Top CEO says economy ‘ready to crack’ in dire warning

Former Chrysler and Home Depot CEO Bob Nardelli has warned that the U.S. economy is about to crack like a whip.

Appearing this Wednesday on Fox Business Network’s “Mornings with Maria,” he warned the economy is “ready to crack” and that the incompetent mistakes of the Biden administration will likely leave a bevy of challenges for the next president to resolve.


(Video Credit: Fox Business)

“What I’ve seen over the past three-and-a-half years is that a series of debacles and missteps have created a tremendous pressure on the fault lines of our economy, and they’re about ready to crack,” he said.
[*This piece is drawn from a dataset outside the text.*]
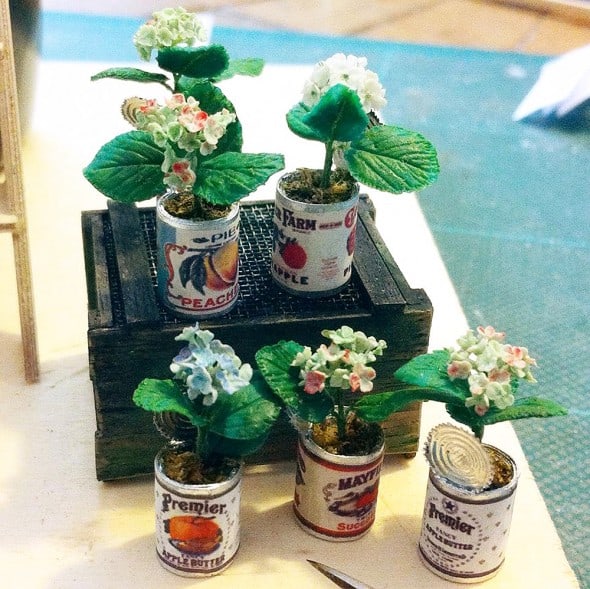 Studio Viola Miniature Clay Flower In A Tiny Can Nice Gift for Her Studio Viola Miniature Clay Flower In A Tiny Can Nice Gift for Her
“Whoever gets the next stint in the White House is going to be hit with a wrecking ball in trying to correct the missteps and the overspending of this current administration. So we’re in for a rough time, I would say,” he added.

Indeed, thanks to President Joe Biden’s obsessive “green” agenda and “war on fossil fuels,” oil production has suffered, which in turn has spiked energy costs. Meanwhile, Americans are also dealing with bloated inflation at grocery stores and elsewhere.

“The inflation pipeline has a long tail, and I’ve seen it across many areas, both on raw materials, of course, we see it on labor, and, I did just a quick inquiry over the weekend on apartment rents in downtown Atlanta,” Nardelli said.

“For example, a two-bedroom apartment now goes for like $3,500 a month, and that’s up a couple of thousand dollars from the post-pandemic period, so it’s really depressing to see the impact on family net worth and income level, even though we’ve seen 40% wage increases in some cases, it’s being totally, totally absorbed with inflation and the cost of living,” he continued.

Nardelli has a history of accuracy. Last year he warned that “we’re going to see a lot of bankruptcies” in the retail world, and surprise, surprise, over 5,500 stores shuttered in 2023. It’s been even worse this year, with 2,600 stores closing within the first four months of the year alone.

Meanwhile, a recent report from the Wall Street Journal revealed that the American people’s household net worth has stagnated during Biden’s time in office.

Specifically, household income has only increased 19 percent under Biden compared to the 23 percent spike it experienced under former President Donald Trump.

But here’s the catch: Once inflation is tagged onto the numbers, the increase in income during the Biden administration drops to just 0.7 percent, whereas the increase during the Trump administration remains around 16 percent.

(Source: WSJ)

All this comes about a week after top JPMorgan market analyst Marko Kolanovic warned in a note that the S&P will likely fall by roughly 20 percent before the end of the year.

In the note, Kolanovic urged investors not to view the market as bullish despite the Dow Jones seemingly performing so well. Why not? Because one, interest rates are likely to remain high for the time being, and two, because lower-level consumers have also been displaying signs of weakness.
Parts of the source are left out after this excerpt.